The One


The Ninja Warriors

Publisher: Virgin Games
Machine: Amiga 500

 
Published in The One #15

Converting a coin-op is one thing, but squeezing three screens into one? Gary Whitta dusts off his pyjama trousers to put Virgin's latest Taito conversion through its paces.

The Ninja Warriors

It's 1993 and America has changed a lot since the familiar days of Big Macs and The Brady Bunch. After a bloody coup, the society we once knew has fallen and been replaced by a police state controlled by a new President, the evil dictator Bangler.

With the army, police and the criminal underground all at Bangler's command, no-one dares stand in his way. Except the Ninja Warriors, two robots skilled in the art of Ninjitsu, built by a small band of rebels and sent out to assassinate Bangler and restore freedom to the galaxy...

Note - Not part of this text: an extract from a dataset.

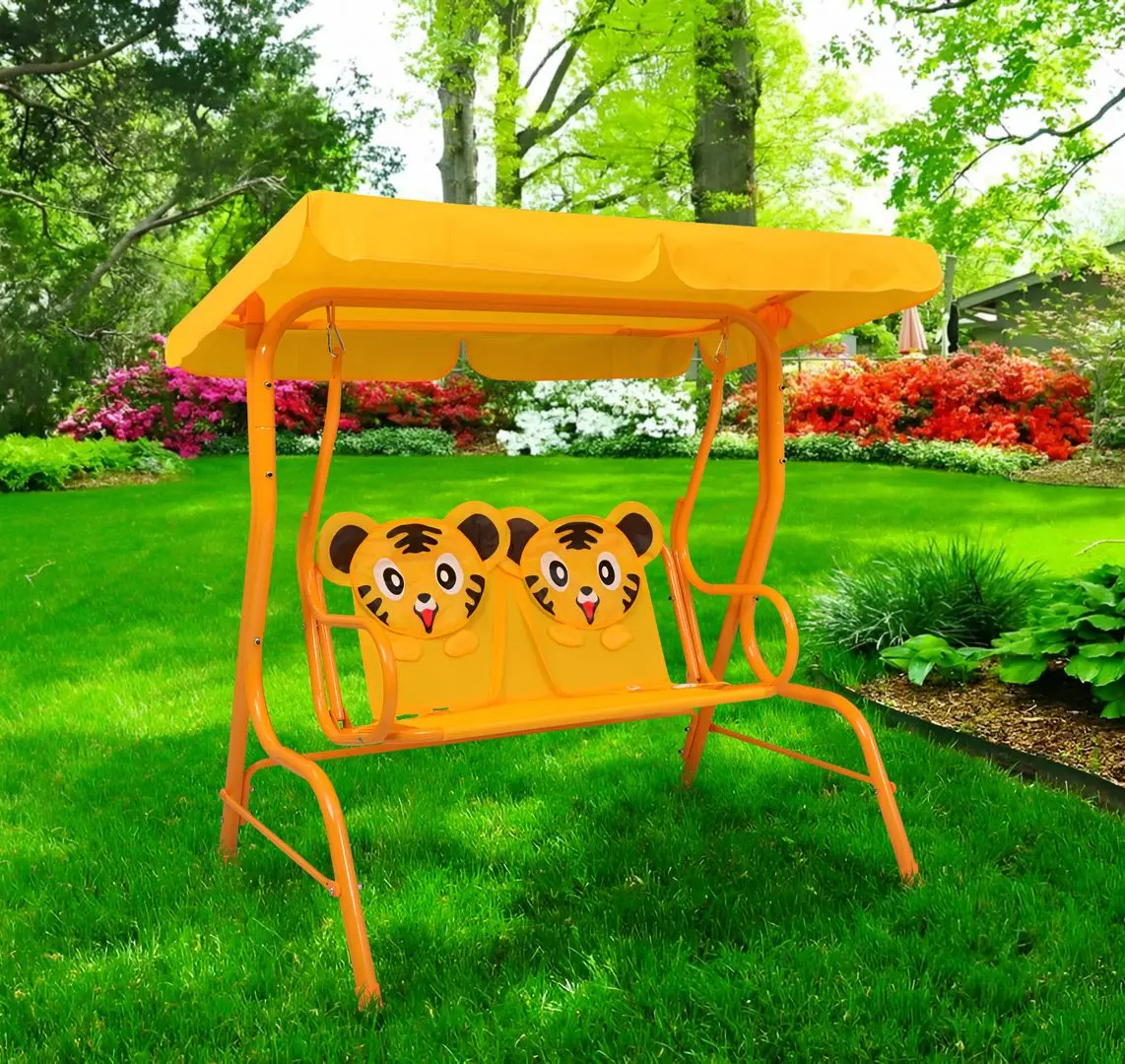 Scaun balansoar cu copertină VidaXL 48098 (Yellow)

So goes the rather unlikely storyline for The Ninja Warriors, the latest in a line of Taito coin-op conversions from Virgn and The Sales Curve (after SilkWing). This one was arguably the most difficult of the four to convert, thanks to the coin-op's innovative method of using three monitors side by side to create a Cinemascope-style playing area.

The Ninja Warriors

These days 16-bit gamers are practically spoilt for choice when it comes to shoot-'em-ups, sport simulations, arcade adventures, racing games... everything in fact, except from any quality beam-'em-ups.

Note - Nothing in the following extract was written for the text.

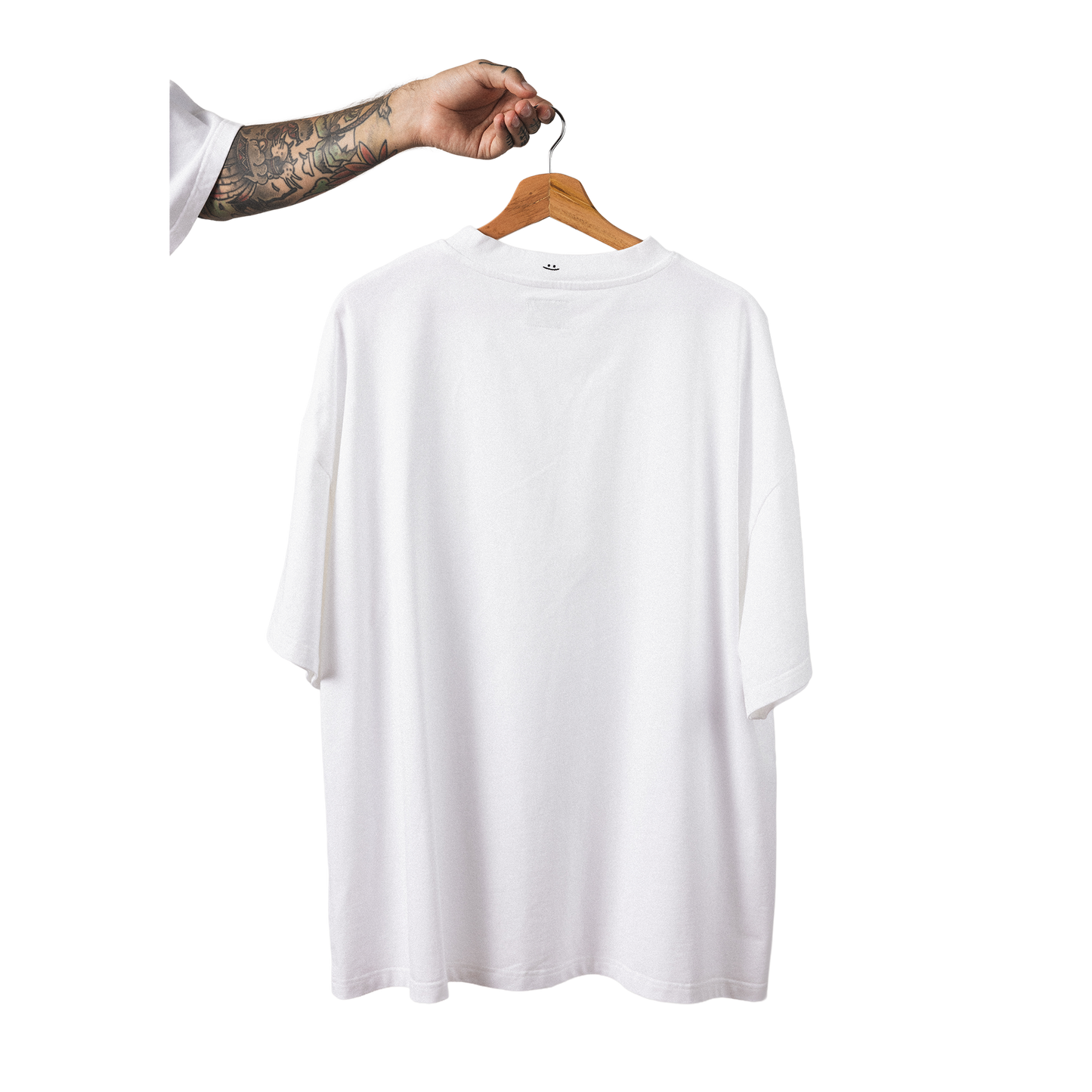 Oversized t-shirt back view minimalist graphic detail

Apart from the brilliant IK+ (which is now over a year old), there's virtually nothing to satisfy would-be Ninjas - or at least there wasn't until now.

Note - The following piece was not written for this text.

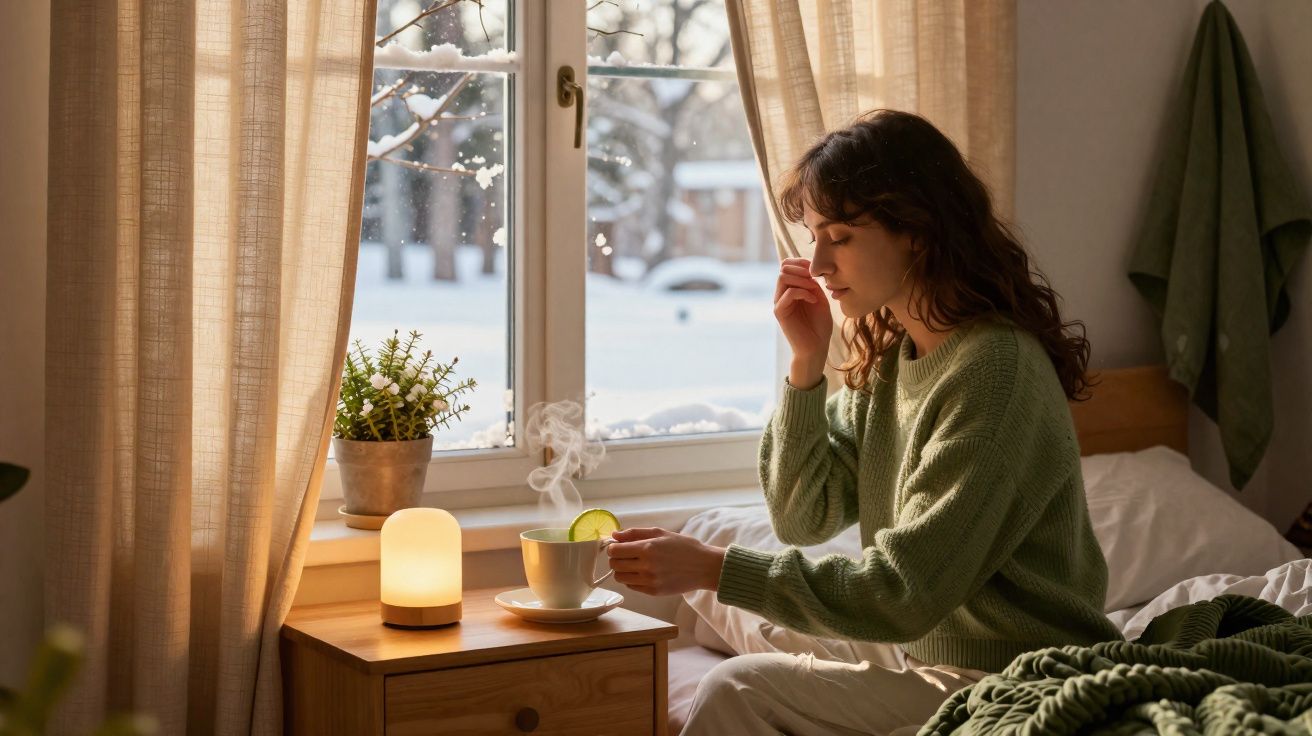 Mulher sentada na cama junto à janela com chá quente, luz suave e cenário de neve lá fora.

Random Access' conversion succeeds where all the others have failed - it feels good to play. The action never lets up, as there are always plenty of things to kill, and, more importantly, the combat moves don't take five seconds to execute - one quick stab of the fire button is enough to gore an enemy soldier.

Because the combat moves can be executed so quickly, you can cut your way through a whole platoon of soldiers without too much trouble. The sampled 'urgh!' and squirt of blood that accompanies each kill adds to the fun, as does the two-player element, where the players have to cover each others' backs to survive.

The graphics are a little blotchy in places, and a wider variety of sampled sound would have been nice, but it's the strength of the gameplay that makes it what it is - one of the best beat-'em-ups to date.